The best piece of sci-fi you’ll ever read!
I was browsing through an after-market bookshop when I stumbled on this book. I picked it up, not knowing what to expect. I guess it was the book’s unusual scientific title that got me to pick it up. Looking back, I can surely declare this book as one of my best literature discoveries. ‘Dark matter’ no doubt belongs to the sci-fi genre. But in truth, it’s much more than this. The drama, the suspense, the excitement, the characters, the scenes that it sets, the worlds that it takes you, the romance, the love, the morals - everything about this book is great!
A hint at the plot
Jason Dessen, married to Daniella and father of a teenage boy, is the protagonist. He teaches at a college though his plans in his twenties were to perform a breakthrough in quantum physics by superposing a macro-particle. But he was unsuccessful primarily because Daniella got pregnant and he had to leave his research for his girlfriend. Years passed and he loved his family but from time to time he’d think what if things could’ve worked out differently and what if he had made that major break-through. Well, buckle your seatbelts because that’s when the novel picks up speed. It takes this question and turns it over on its head.

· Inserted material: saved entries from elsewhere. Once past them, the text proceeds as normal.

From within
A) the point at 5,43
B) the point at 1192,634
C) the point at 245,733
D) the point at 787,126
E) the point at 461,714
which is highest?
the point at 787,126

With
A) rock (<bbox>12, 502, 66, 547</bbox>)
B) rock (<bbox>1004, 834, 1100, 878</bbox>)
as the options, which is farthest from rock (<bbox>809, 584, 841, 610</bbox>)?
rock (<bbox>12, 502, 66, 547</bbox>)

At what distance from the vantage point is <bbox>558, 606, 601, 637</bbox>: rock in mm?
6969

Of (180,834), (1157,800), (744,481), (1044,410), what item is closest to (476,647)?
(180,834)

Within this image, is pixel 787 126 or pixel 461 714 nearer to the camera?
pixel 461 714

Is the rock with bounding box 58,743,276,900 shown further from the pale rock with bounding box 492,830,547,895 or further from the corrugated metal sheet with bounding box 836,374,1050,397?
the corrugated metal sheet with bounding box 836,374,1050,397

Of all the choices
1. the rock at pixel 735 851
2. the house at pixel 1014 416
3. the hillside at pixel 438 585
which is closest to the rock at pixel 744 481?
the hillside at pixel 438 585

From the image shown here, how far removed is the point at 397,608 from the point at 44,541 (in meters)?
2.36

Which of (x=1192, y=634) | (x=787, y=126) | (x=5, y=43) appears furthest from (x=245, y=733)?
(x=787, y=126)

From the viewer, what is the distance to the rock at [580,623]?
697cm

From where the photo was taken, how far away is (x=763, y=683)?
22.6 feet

“Are you happy with your life?”
These are the last words that Jason hears before he gets dropped in a sump. The book explores the consequence of decisions. The choices we make and how these choices define our lives. The novel is a play on theories on Infinite Reality. It takes an electrifying look into something beyond an average person’s understanding but still preserving the hint that it may just be true.
One night, on the way home from celebrating with his old roommate (another scientist), he’s kidnapped at gunpoint:
- “I know almost everything about you, Jason. You could say I’ve made your life my specialty.”
- “Who are you?”
…beaten and drugged.
I whisper, “Now what?”
And he says, “You wouldn’t believe me if I told you.”
And he wakes up in a laboratory.
Everyone around him appears to celebrate his arrival. All of them, scientists involved in a HUGE project. And he (according to them), being their head.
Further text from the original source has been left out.